Geologist, penknife, fitness video.
 
Geologist, penknife, fitness video.
Follow me, Geologist Dr. William Dyer as we get in shape for miles of ice caves in an exotic Antarctic necropolis. Ok, now, penknife thrusts; get that shoggoth right where it hurts; and a one and a two...

Janitor, dog whistle, Icelandic Heroic Journey
 
The Janitor completed his quest to gain the enchanted item he needed, his employment being The Nordic School of Fish Cleaning.

He held forth the golden Whistle of the Dog, and with a mighty shrill called forth the hounds of war that came in from the hills and cleaned the mess, that being from the first day of class.

With full bellies the hounds bid farewell, leaving the Janitor to enjoy a hero’s nap with bucket and mop unused.

Fountain Pen, Seamstress, Shakespearian
 
Enter Marilyn the aging seamstress and Puck the fairy.

MARILYN: Oh i sew and work, as day turns to night and night turns to day, as the years wax and wane and my life flows its way.

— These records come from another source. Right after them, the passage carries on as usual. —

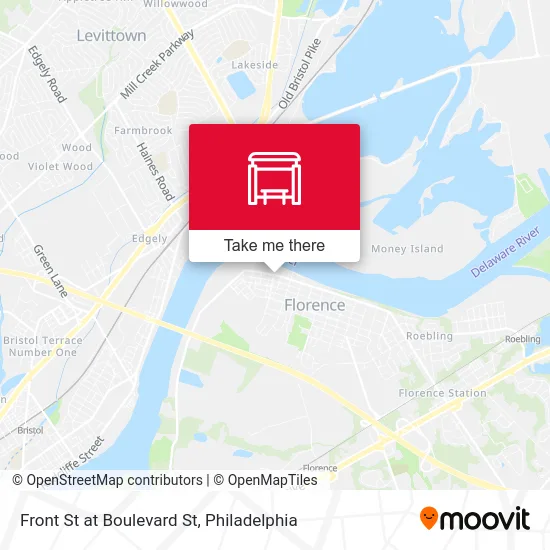 Front St at Boulevard St map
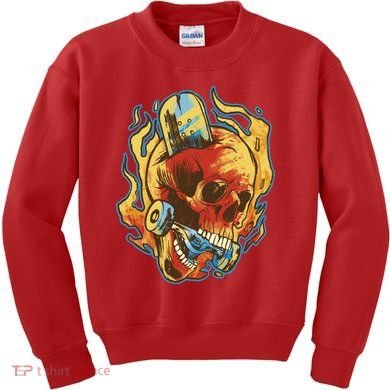 Skull Flame Skater Kids Sweatshirt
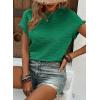 imageSHEWIN Womens Summer Tops Crewneck Short Sleeve T Shirts Casual Textured Work Shirt Loose BlousesGreen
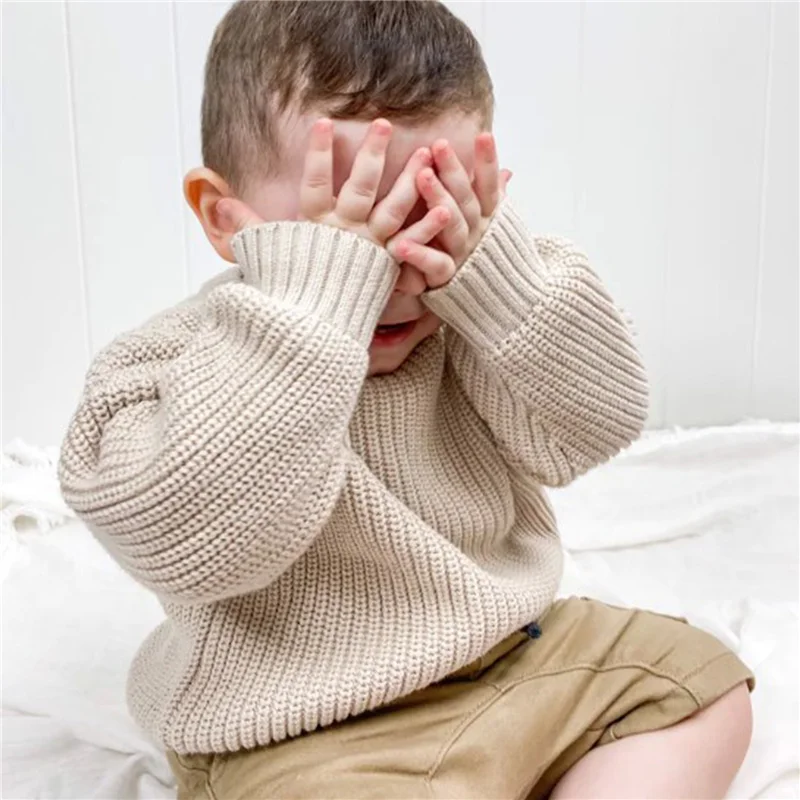 Suefunskry Newborn Baby Girl Boy Knitted Long Sleeve Autumn Winter Sweater Solid Loose Pullover Casual Tops Kids Clothes 3M-5Y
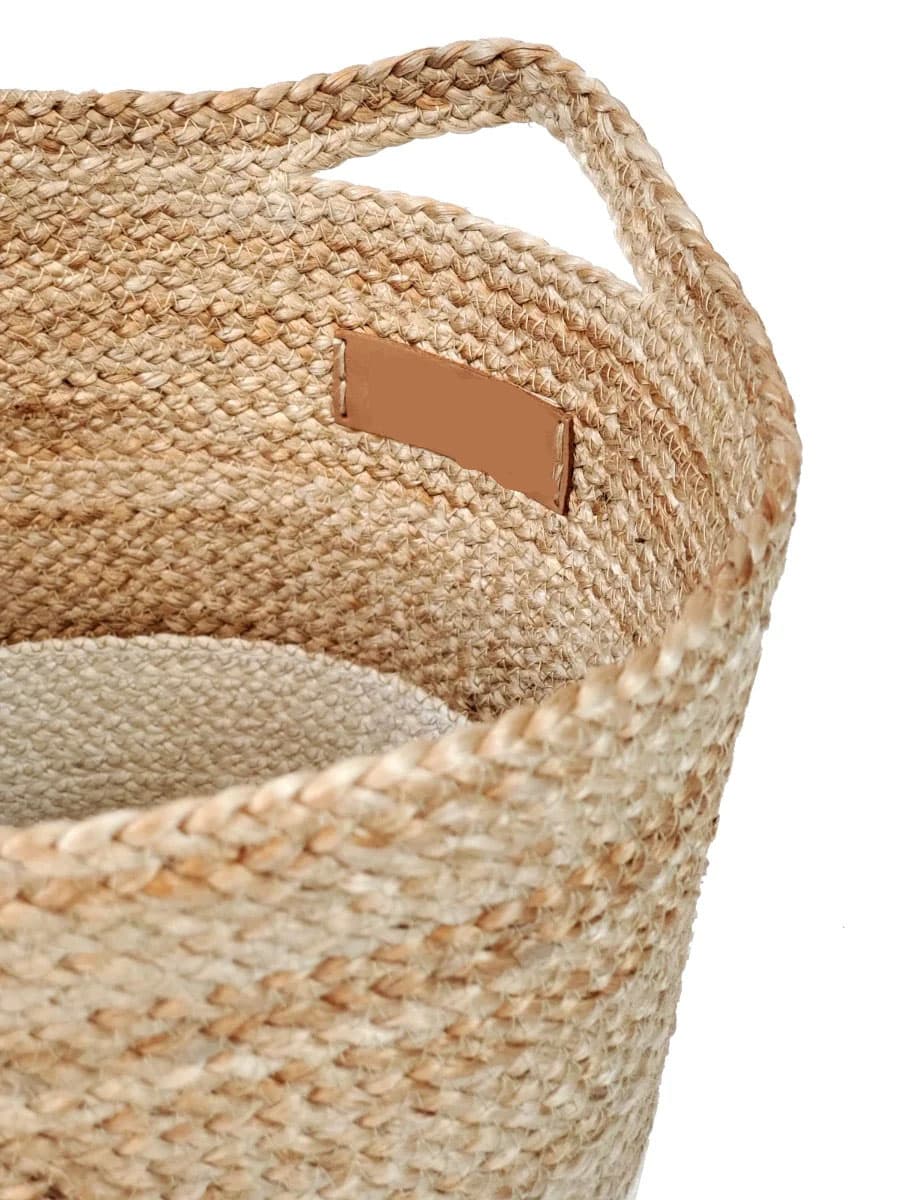 COLOR BLOCK JUTE PLANT BASKET WITH SIDE HANDLE  SET OF 2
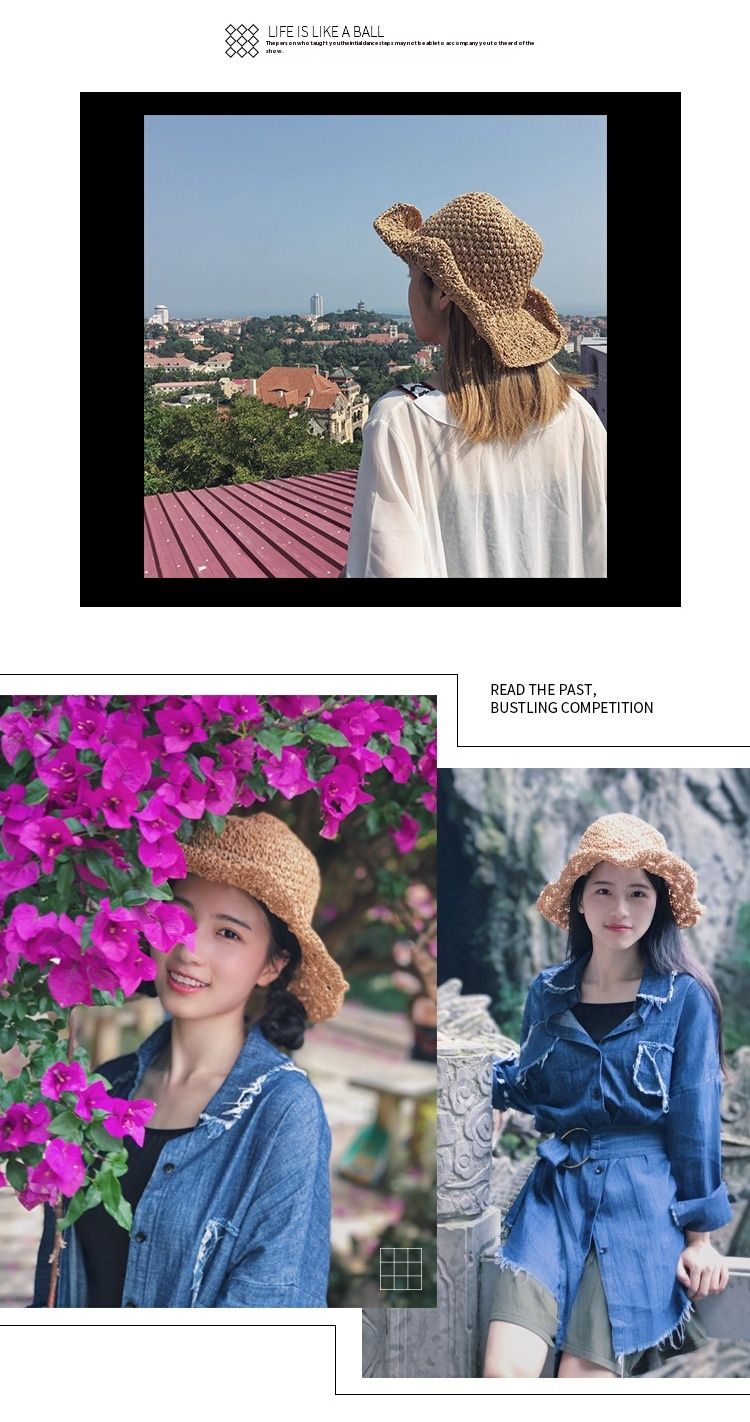 Pdmcms Straw Hat Women's Hat Foldable Beach Versatile in Summer Fresh and Fashionable Beach Vacation Sunshade Hat_voghion.com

But my heart longs for the pen, for paper and for ink, i long to write poems, to write songs and to sing.

PUCK (sinisterly): My lady, my dear, my fellow and my friend, i have an barter for you perhaps, a thing to try before the end.

---

i haven't read more than two pages of shakespeare and never seen a play in my life.

Anyway.

Skin, Thief, Absurdist Comedy
 
'So what if those buccaneers took your self esteem ensign, you're going to have to develop a thick ear if you want to survive onboard this galleon.'

'Don't you mean develop a thick skin captain?'

'I would, if now was last Tuesday morning, but unfortunately those same pirates stole our word for epidermis later that day.'

Crampon, waiter, Superhero origin story
 
Jaques the waiter huffed, zipped up his puffy coat and tightened the straps on his crampons and picked up his serving platter, the locals didn't have any trouble with the weather but he did.

Inner paris was a lovely city on the inner core of the earth known for its cosmopolitan fashion industry, rampant but somehow popular crime syndicates, and its forty below zero arctic weather.

The reason he moved out into this snowy hellhole was a dream, a specific dream that said that if he took this job, knocked over this can of peas then he'd save countless lives and prevent great suffering as long as he served the right man the right dish, if the man with the mutton chops was out on the terrace today then he knew his dreams where real, if not he could afford a ticket home.

---

kind of feel like i'm stretching the definition of a single sentence a bit far with that last one.